Responding to Burnout

Working Well, a program that helps employers develop a strategic plan to impact employee health by focusing on evidence-based policy, systems, and environmental changes, was recently awarded a grant from The Duke Endowment to incorporate an integrated, multi-layered approach to reducing burnout and improving worker wellbeing.

At a time when over half of the current healthcare workforce reports high burnout rates and low rates of job satisfaction in the country, this new effort will be one of the first to take a comprehensive, system-level approach that is necessary to make an effective difference in the lives of South Carolina’s hospital workers.

Jen Wright, the program director for Working Well who will spearhead the new initiative, which will be called Thriving Workforce, likens their approach to how statewide collective action in recent years has made tremendous strides on quality improvement initiatives in our hospitals. She cites Safe Surgery SC, an effort which oversaw a 22 percent reduction in post-surgical deaths, as a model for their efforts.

“Pockets of work are being done to address burnout, primarily targeting stress and personal resilience, but there’s been really limited efficacy thus far,” she explains. “A comprehensive, coordinated, strategic, statewide effort that encompasses organizational culture and workflow efficiencies, along with personal resilience, is necessary to truly impact the industry.”

“Our approach is unique and innovative as it coordinates and elevates efforts that are currently siloed within and across our membership to establish a critical mass among the industry to improve the healthcare system, healthcare workforce, and patient care.”

Working Well will collaborate, integrate, and align efforts with vital partners throughout the state that are also working to address this issue and  recognize the need for this comprehensive approach.

“Partnering with the SCHA’s Thriving Workforce team advances all of our efforts to build resilient organizations throughout our state and beyond,” says Rachel Brown, Medical Director of Health and Wellness at the Prisma Health Midlands Affiliate. “[It] encourages regional unity and support in addressing the crisis of healthcare worker burnout and its impact.”

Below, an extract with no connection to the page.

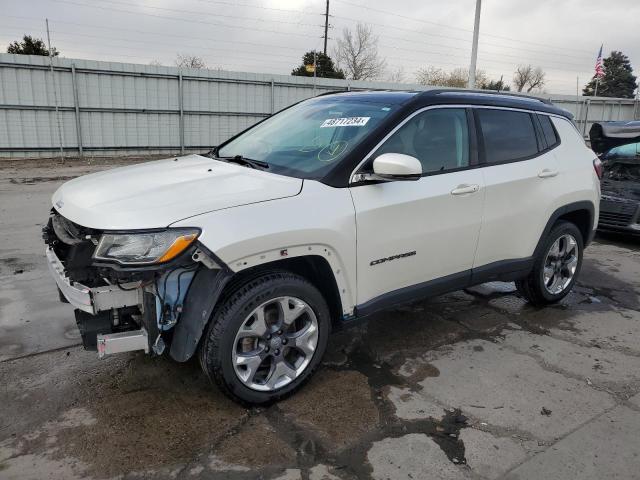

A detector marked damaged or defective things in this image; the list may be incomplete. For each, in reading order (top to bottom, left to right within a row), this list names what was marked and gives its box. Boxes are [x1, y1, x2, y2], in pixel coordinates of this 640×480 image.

crumpled front bumper [45, 248, 143, 316]
damaged white suv [45, 90, 600, 404]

“We believe that in order for us to achieve our mission to preserve and optimize human life in South Carolina and beyond, we must focus on the health of our own workforce,” agrees Dr. Susan L. Johnson, an Assistant Professor and Director of Health Promotion at MUSC. “With the generous support from the Duke Endowment, healthcare providers in SC and beyond will soon have much-needed resources and support to create a culture of wellbeing to combat burnout and distress in the workplace.”

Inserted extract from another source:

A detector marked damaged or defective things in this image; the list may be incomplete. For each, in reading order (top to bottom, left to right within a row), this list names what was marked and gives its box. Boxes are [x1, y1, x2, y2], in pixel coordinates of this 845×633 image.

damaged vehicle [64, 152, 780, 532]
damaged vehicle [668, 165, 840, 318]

The financial implications of turning things around could be profound. The cost associated with losing an RN in the workforce is $82,000-$88,000, while the replacement cost for a physician can be upwards of $1 million. That’s to say nothing of the impact on communities with large number of healthcare workers, or to the effects on access and quality of care that healthcare worker burnout has, particularly in rural communities.

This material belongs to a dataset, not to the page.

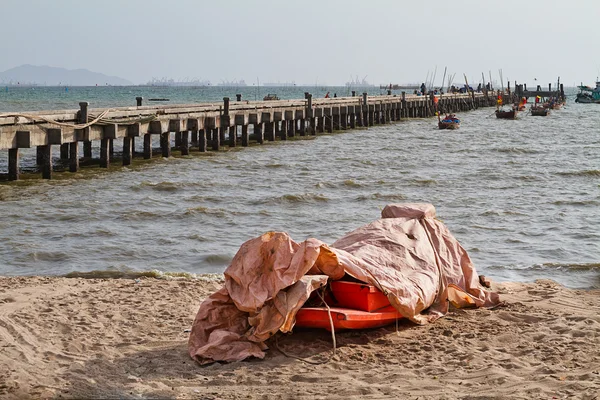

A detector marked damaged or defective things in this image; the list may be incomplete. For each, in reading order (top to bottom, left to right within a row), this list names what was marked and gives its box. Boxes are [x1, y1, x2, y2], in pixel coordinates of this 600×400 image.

tattered tarpaulin [190, 205, 500, 364]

The initiative will also stretch beyond South Carolina, with partners like the Oklahoma Hospital Association eager to take part.

“With Oklahoma’s poor overall health outcomes combined with the current financial pressures facing Oklahoma hospitals, creates an environment in which a healthy and thriving workforce is as important as ever,” states Sydney Tomlinson, a Health Improvement Initiatives Specialist at the Oklahoma Hospital Association. “These tools will be used to ensure Oklahoma hospitals create an environment where employee wellbeing is a priority in delivering high-quality patient care.”

Working Well will be integrating this work into their larger worker wellbeing framework and use a set of rigorous metrics and benchmarks to assess their efforts, including everything from quantitative outcome metrics like the Maslach Burnout Inventory and the Stanford Professional Fulfillment Index as well as traditional industry benchmarks like clinician turnover and job satisfaction scores.

“A professional workforce with low burnout and high professional fulfillment is vital to providing the best care to patients,” Wright concludes. “High professional fulfillment, rather than just burnout mitigation, should be the goal for any wellbeing program.”